Volleyball is a game of momentum.
We train. We perfect movements and skills. We condition. We believe.
Still, a game is determined in large part by the shift in momentum and how we with those shifts – the loss of it and what to do when we get it back.
For example, we were playing our biggest rival in college. We had lost the first two sets and came back to win the second two sets and were battling out a fifth set in rally score.
In the 90’s, we were still under the regular scoring rule where you had to serve to get a point. The fifth set was usually pretty tight, but we took an early lead and were primed to win. I’d jump served us to a large lead and all we needed was two maybe three points (don’t remember exactly*) to win the match. Then the momentum shifted.
We lost the serve. In rally score, however, two points is nothing. Easy peasy…unless.
When the momentum shifted, we never got it back. I was stuck in the back row and only able to hit from behind the ten foot line. I did not execute from the back row and our team struggled in the next few rotations.
Our coach called two time-outs and we scrapped our way back to get possession of the ball, but it wasn’t enough.
We lost our big lead and we ended up losing the game.
Broken hearts everywhere. Daggers right to the soul.
I mean, twenty years later I can still taste my tears. Some losses cut really deep (I’m such a brat).
Momentum is powerful.
In sports it’s the difference between winning and losing.
When a team loses momentum they have to fight to get it back.
That takes grit and determination. It doesn’t shift on it’s own.
Momentum in our lives is a similar process.
But it’s not forever. It’s how we deal with it that wins or loses games.
Think about it this way – momentum is a push. It’s a start. It’s us on the blocks and we’re the first ones off.
Keep the momentum and we close the game out right now. We take the win. But what if it shifts? What do we do when we lose momentum.
It’s how we respond that wins or loses games. I could deconstruct that old game all day (sometimes I do). I could say that I got stuck in the back row. I could say that our middle blocker was injured. I could say that we didn’t pass well or that we didn’t dig enough balls. All those things are true.
But the bigger truth is that we didn’t deal well with the loss of momentum.
I wrote my booty off in December and January. I wrote for like four weeks – solid. I researched, queried, interviewed, made phone calls to people I’d never met and stayed up late putting things together. It was work. It was tedious and there was no reward. I thought I’d never see that work come to fruition.

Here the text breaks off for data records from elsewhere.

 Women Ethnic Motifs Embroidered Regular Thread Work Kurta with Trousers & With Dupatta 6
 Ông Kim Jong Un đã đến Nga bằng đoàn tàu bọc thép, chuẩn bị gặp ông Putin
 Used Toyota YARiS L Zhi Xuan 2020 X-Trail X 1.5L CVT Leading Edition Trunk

But all that tedious, unrewarding work was quietly building momentum.
In fact, I have a little of that momentum right now. Several of my pieces have ran over the past few weeks and it’s been fun to watch. But I can’t sit here and admire anything for too long. I need to continue my work. I need to keep putting in the hours. I need to stay up just a little bit late and stretch the hours I have in my day to get things done.
If you don’t work, there is no momentum.
Momentum does not just show up because you are lucky or because you think you deserve it or by sitting on your hands.

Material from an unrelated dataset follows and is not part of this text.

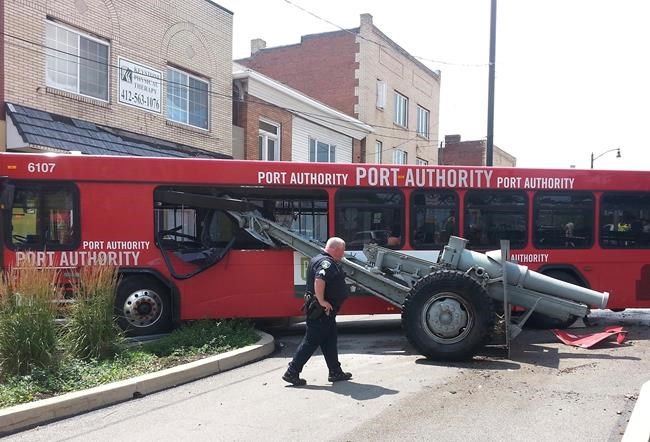 Bus hops curb, dislodges war memorial cannon in Pittsburgh | iNFOnews.ca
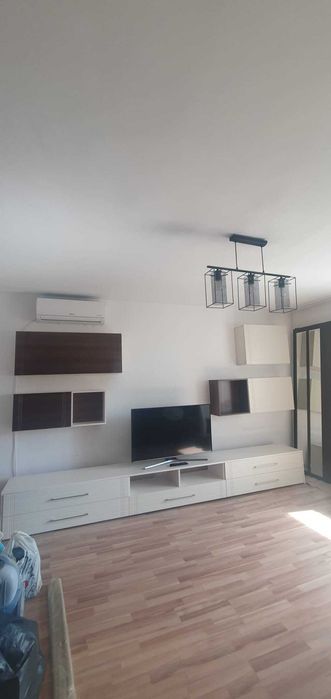 Mobilă living/sufragerie stare buna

Momentum is the result of work.
We lost that game to our biggest rival because the other team out worked us. They dealt with momentum better than we did.
If you lose an opportunity. If you lose a game. If you lose a relationship it’s because you stopped working.
Work builds momentum.
*(Exact scores and details of the match are fuzzy. Fuzzy because the tears in my eyes blur out my actual experience. Losing is hard, people!)